* [Information provided]:
--------
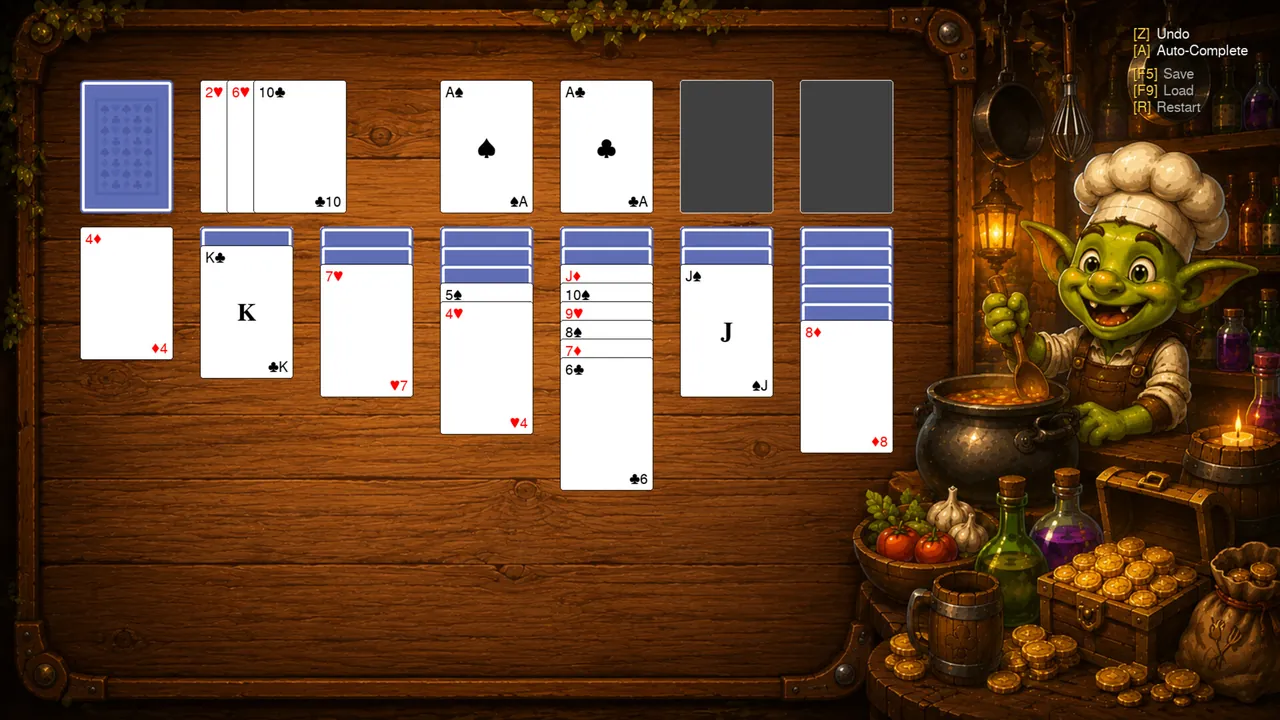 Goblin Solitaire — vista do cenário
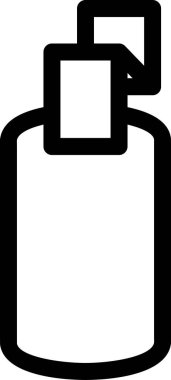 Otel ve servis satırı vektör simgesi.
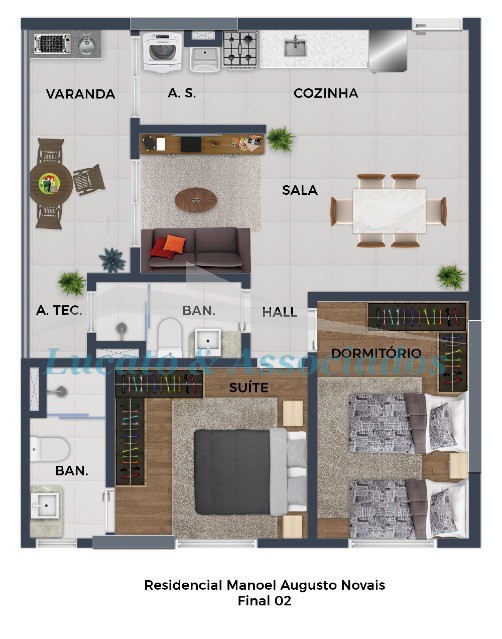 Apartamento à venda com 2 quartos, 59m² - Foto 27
--------
* [Assignment]: Copy every line above word for word and exclude the pictures.

* [Written response]:
 Goblin Solitaire — vista do cenário
 Otel ve servis satırı vektör simgesi.
 Apartamento à venda com 2 quartos, 59m² - Foto 27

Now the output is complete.